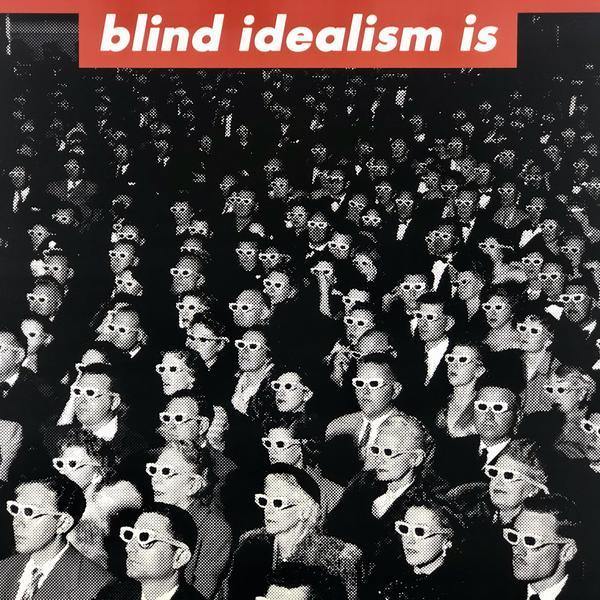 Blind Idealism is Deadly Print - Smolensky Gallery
- - - -
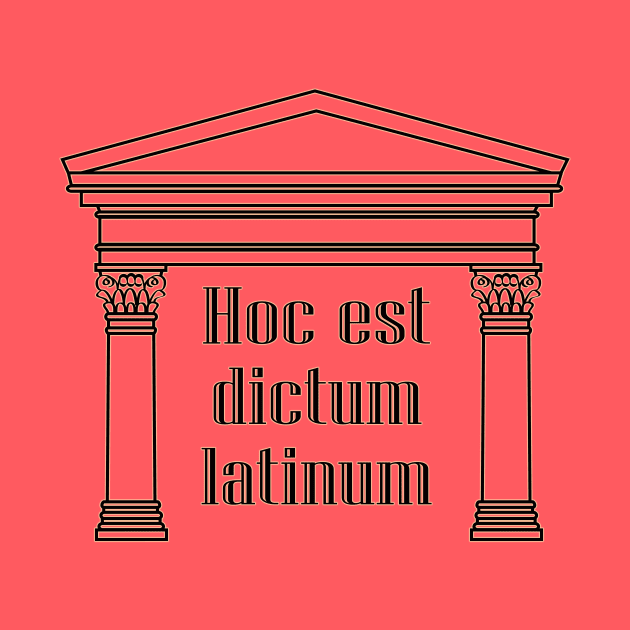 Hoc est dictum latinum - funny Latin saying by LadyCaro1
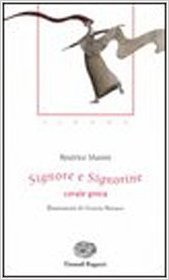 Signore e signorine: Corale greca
- - - -
• EXERCISE GOAL
An exact copy of the lines above from the one with "Hoc est dictum" up to and including the one with "Signore e signorine: Corale greca" is required; reproduce only those lines, omitting all pictures.

• OUTPUT FOR THIS EXERCISE
 Hoc est dictum latinum - funny Latin saying by LadyCaro1
 Signore e signorine: Corale greca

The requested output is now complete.